Voice Chat
Full bidirectional voice — streaming speech-to-text with faster-whisper, text-to-speech with Piper, Kokoro, and Qwen3-TTS, and a dedicated voice chat page with waveform visualization.
Speech-to-text
Voice activity detection
Silero VAD detects when you start and stop speaking. No manual start/stop button needed - just talk naturally.
Audio streaming
Raw 16-bit PCM audio streams over WebSocket from the dashboard or mobile app to the voice server in real-time.
Whisper transcription
faster-whisper transcribes speech segments with language detection and confidence scores.

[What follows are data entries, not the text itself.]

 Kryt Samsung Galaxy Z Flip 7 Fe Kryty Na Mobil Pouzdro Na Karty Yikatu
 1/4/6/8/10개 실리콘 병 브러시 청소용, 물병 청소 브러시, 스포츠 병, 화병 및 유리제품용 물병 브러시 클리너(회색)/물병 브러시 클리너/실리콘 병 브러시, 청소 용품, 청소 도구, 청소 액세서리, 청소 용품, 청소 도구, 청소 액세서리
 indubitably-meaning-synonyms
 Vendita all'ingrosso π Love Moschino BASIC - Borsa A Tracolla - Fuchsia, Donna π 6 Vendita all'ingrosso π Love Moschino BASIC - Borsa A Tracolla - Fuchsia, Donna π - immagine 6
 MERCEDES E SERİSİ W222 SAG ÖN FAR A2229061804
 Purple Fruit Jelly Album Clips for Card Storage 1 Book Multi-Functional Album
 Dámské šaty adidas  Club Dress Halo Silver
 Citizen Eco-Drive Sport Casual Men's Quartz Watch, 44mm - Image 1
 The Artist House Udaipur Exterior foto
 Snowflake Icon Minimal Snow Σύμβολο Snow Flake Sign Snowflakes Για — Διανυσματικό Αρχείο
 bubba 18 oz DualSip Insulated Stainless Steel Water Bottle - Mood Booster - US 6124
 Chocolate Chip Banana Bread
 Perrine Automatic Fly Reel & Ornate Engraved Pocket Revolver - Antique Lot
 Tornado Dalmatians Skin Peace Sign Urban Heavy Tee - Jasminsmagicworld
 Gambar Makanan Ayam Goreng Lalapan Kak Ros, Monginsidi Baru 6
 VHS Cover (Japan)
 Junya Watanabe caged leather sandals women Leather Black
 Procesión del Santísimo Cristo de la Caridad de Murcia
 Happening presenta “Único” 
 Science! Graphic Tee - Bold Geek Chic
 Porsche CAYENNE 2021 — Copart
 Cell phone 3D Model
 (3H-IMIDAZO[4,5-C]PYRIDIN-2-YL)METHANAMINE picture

Interim results appear as you speak.
NLP analysis
Transcriptions are analyzed for intent, entities, sentiment, and suggested actions — displayed alongside the waveform in the dashboard voice chat.
Text-to-speech
Three TTS engines with per-user voice settings
Piper TTS
Fast, lightweight, CPU-friendly neural TTS. Multiple voice models with configurable speed and pitch. Great for low-latency responses.
Kokoro TTS
High-quality neural text-to-speech with natural prosody and expressive voices.
Qwen3-TTS
GPU-accelerated TTS from Qwen3. Highest quality output, opt-in for GPU-heavy workloads.
Technical details
faster-whisper
CTranslate2-optimized Whisper inference. Configurable model size (medium.en default), int8 quantization, CPU or CUDA.
Silero VAD
Stateful voice activity detection with speech start/end events. Accurate speech boundary detection for clean segments.
WebSocket streaming
Binary PCM audio in, JSON transcriptions out. Control messages for config, stop, and reset. Per-session processors.
100% local
All models run on your hardware. Audio never leaves your network. STT and TTS models are cached on first run.